(SOURCE MATERIAL begins)
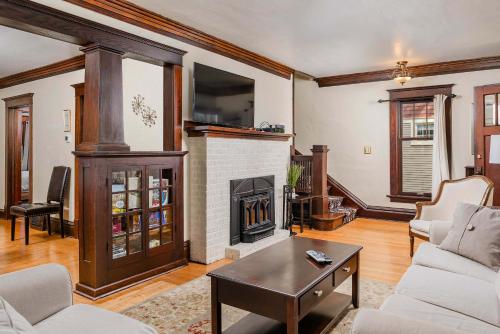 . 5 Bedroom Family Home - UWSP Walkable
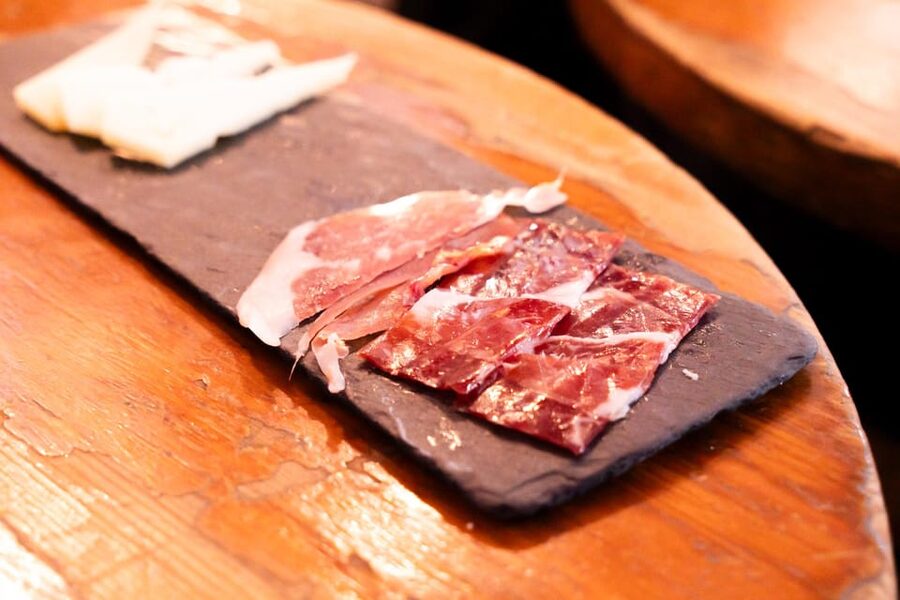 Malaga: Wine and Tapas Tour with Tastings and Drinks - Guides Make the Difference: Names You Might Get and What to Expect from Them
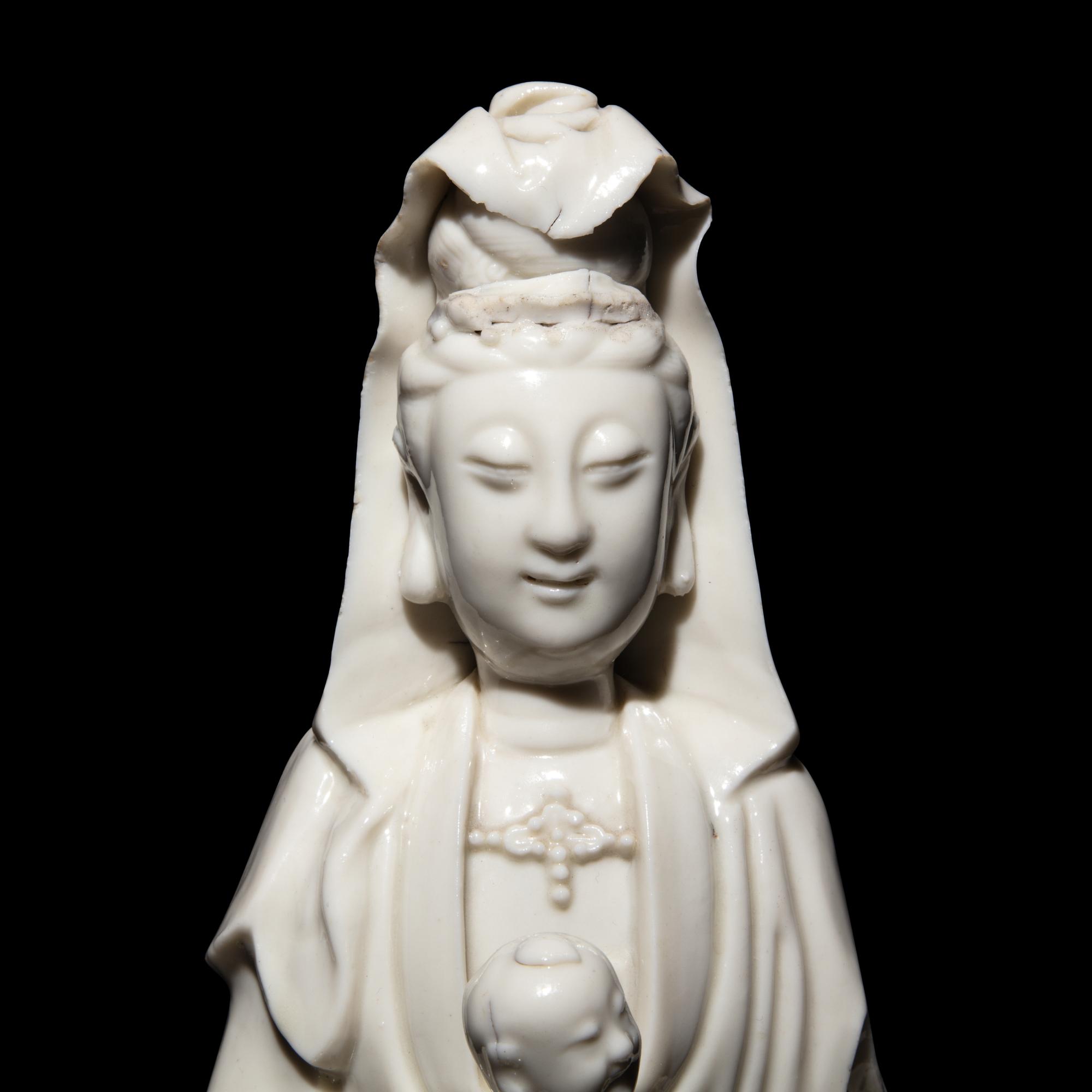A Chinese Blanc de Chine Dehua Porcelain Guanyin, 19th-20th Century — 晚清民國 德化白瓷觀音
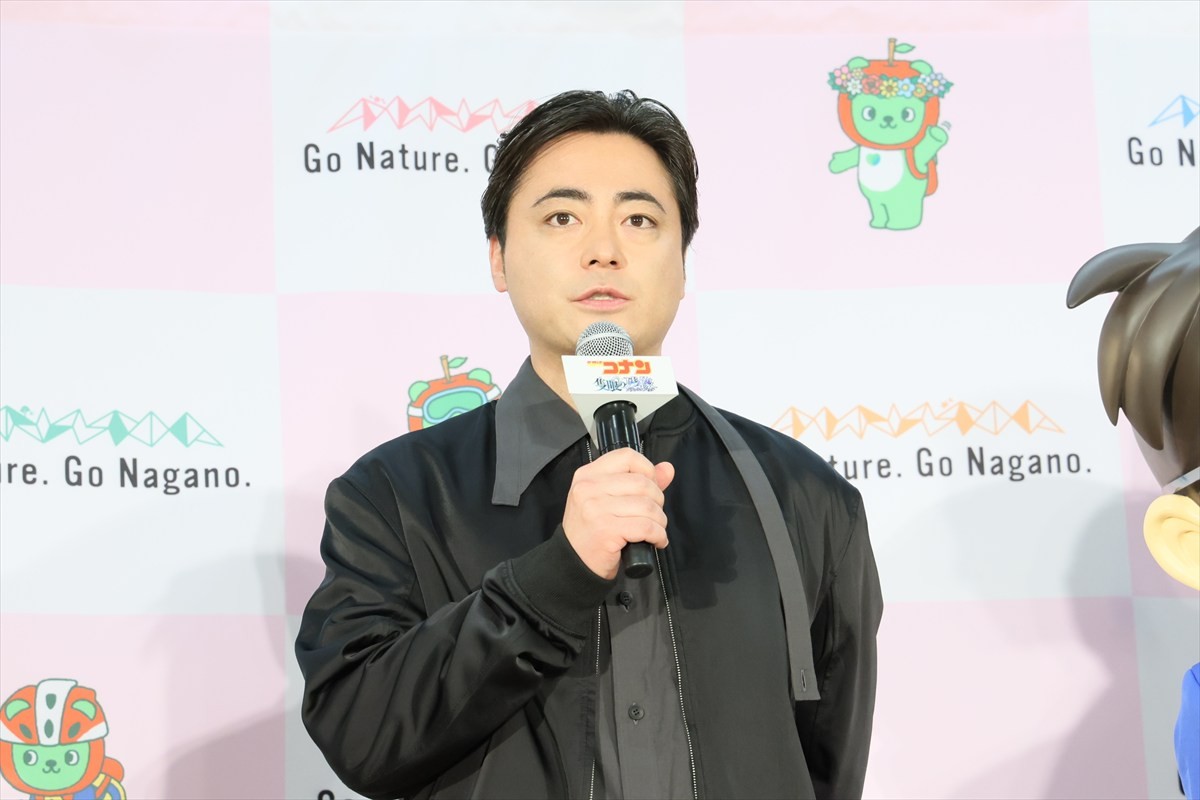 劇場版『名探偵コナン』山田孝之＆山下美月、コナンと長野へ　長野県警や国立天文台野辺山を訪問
(SOURCE MATERIAL ends)
▸ **WHAT THIS TASK INVOLVES**:
Output the whole of the data, unchanged; keep the pictures out.

▸ **EXERCISE SOLUTION**:
 . 5 Bedroom Family Home - UWSP Walkable
 Malaga: Wine and Tapas Tour with Tastings and Drinks - Guides Make the Difference: Names You Might Get and What to Expect from Them
A Chinese Blanc de Chine Dehua Porcelain Guanyin, 19th-20th Century — 晚清民國 德化白瓷觀音
 劇場版『名探偵コナン』山田孝之＆山下美月、コナンと長野へ　長野県警や国立天文台野辺山を訪問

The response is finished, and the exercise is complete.